Task prompt: Lines from the line with "马拉喀什Hotel Safia的一间酒店房间，里面有一张床和一扇大窗户。" to the line with "woman and child playing guitar" in the entries below, and only those, must be output exactly, with both ends included.

Available data:
++++++

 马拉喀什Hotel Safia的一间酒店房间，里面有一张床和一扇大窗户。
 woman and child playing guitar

++++++

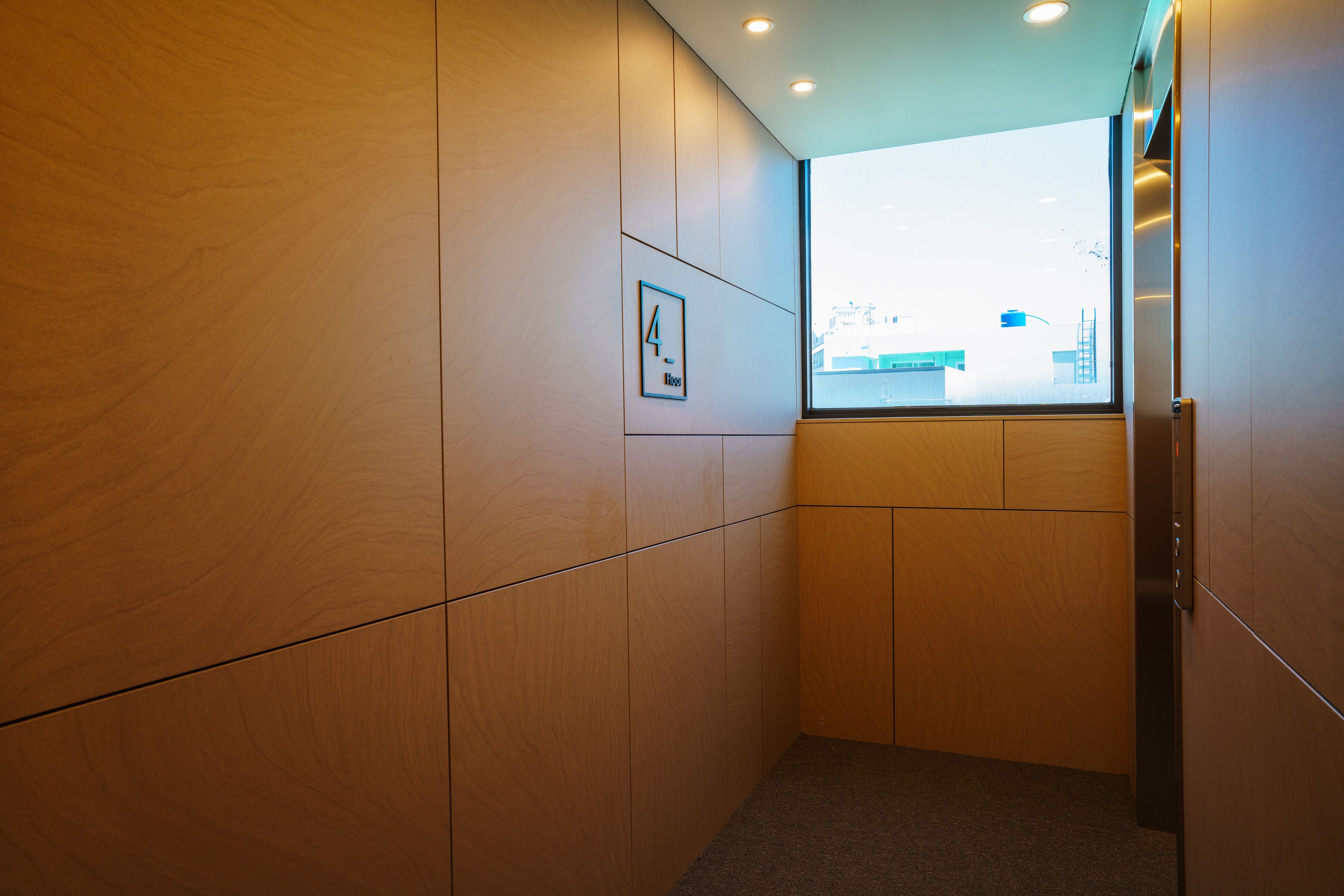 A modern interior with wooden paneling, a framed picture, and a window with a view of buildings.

++++++

Answer for this exercise:
 马拉喀什Hotel Safia的一间酒店房间，里面有一张床和一扇大窗户。
 woman and child playing guitar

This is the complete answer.